**What you have to do:**
All the lines below need to be output exactly, apart from any images.

**Raw data:**
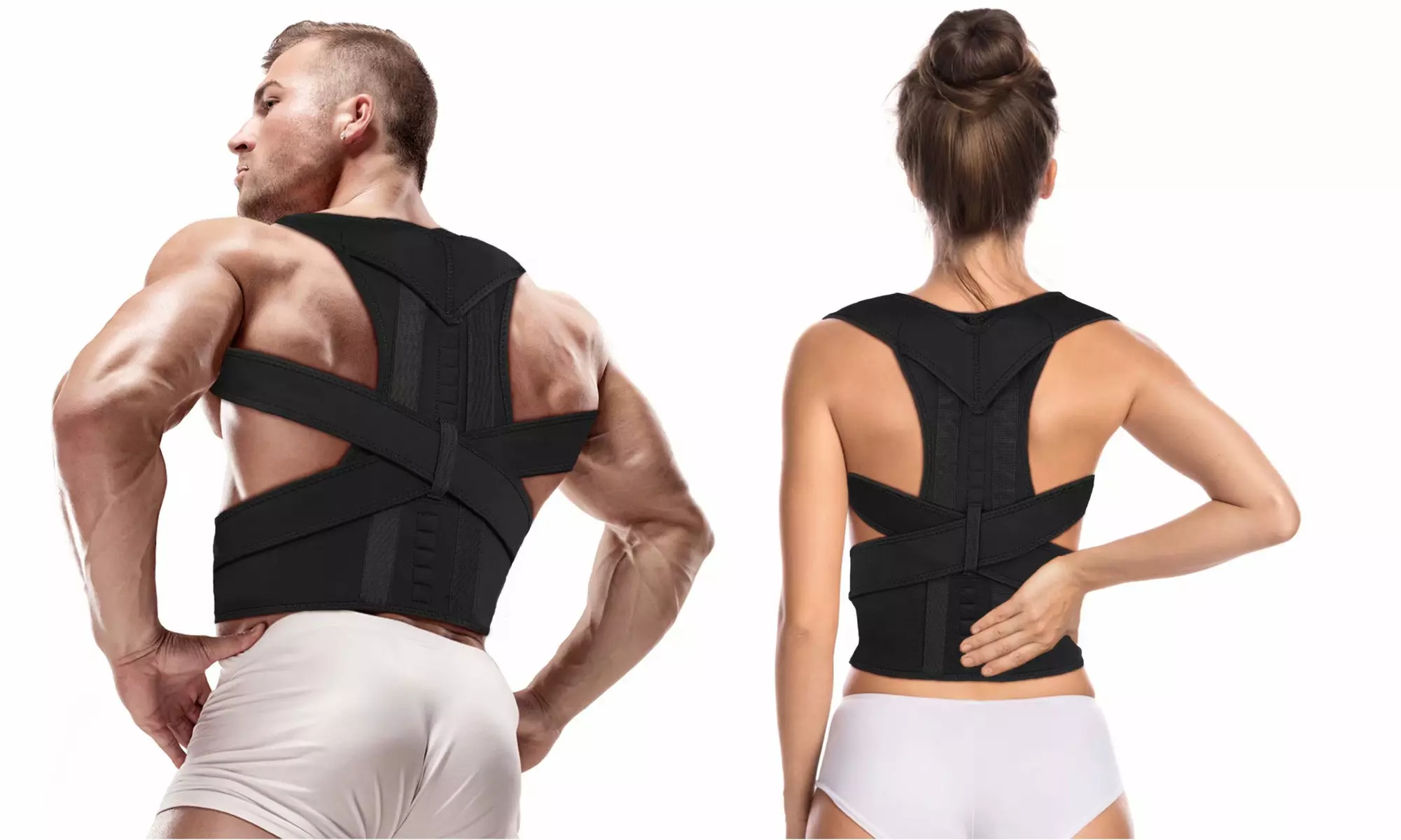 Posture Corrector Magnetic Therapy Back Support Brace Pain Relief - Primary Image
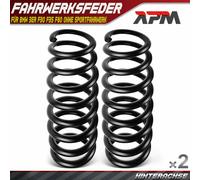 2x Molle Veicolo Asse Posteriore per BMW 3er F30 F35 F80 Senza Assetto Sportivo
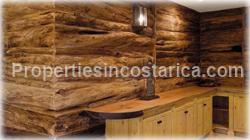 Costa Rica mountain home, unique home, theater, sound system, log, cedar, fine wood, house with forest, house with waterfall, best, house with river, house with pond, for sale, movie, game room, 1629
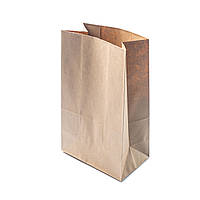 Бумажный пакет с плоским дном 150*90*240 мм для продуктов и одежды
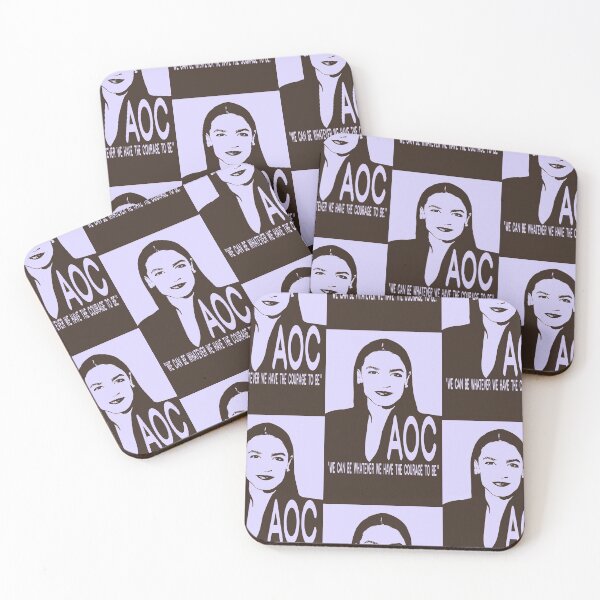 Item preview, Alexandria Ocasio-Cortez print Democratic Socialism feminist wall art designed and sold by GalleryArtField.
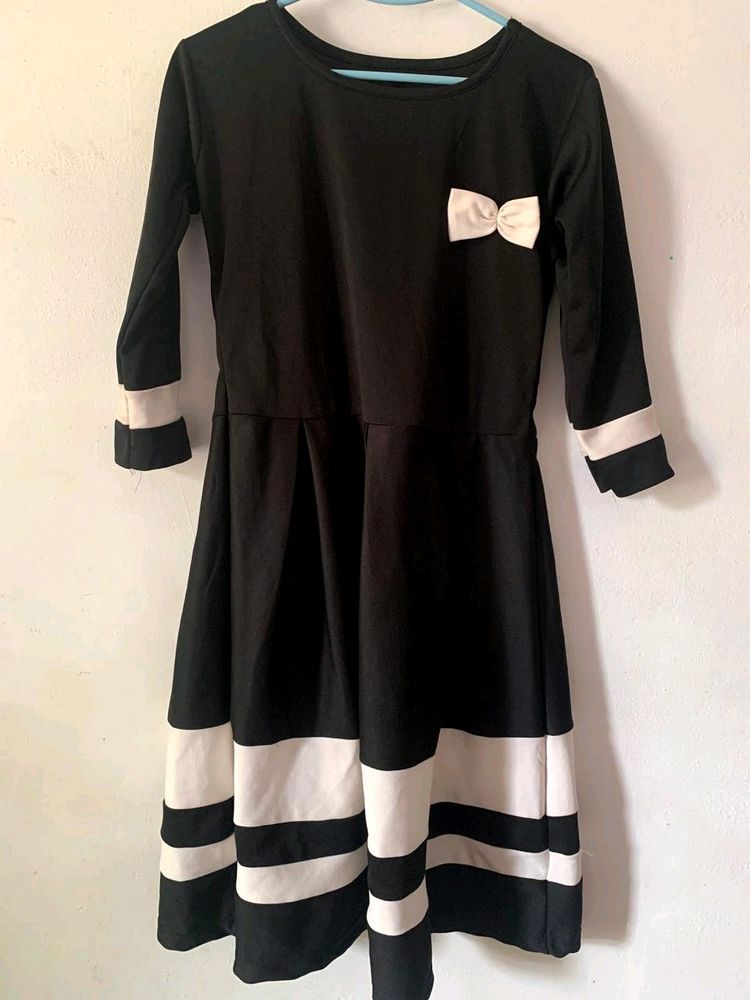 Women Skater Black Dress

**Response box:**
 Posture Corrector Magnetic Therapy Back Support Brace Pain Relief - Primary Image
 2x Molle Veicolo Asse Posteriore per BMW 3er F30 F35 F80 Senza Assetto Sportivo
 Costa Rica mountain home, unique home, theater, sound system, log, cedar, fine wood, house with forest, house with waterfall, best, house with river, house with pond, for sale, movie, game room, 1629
 Бумажный пакет с плоским дном 150*90*240 мм для продуктов и одежды
 Item preview, Alexandria Ocasio-Cortez print Democratic Socialism feminist wall art designed and sold by GalleryArtField.
 Women Skater Black Dress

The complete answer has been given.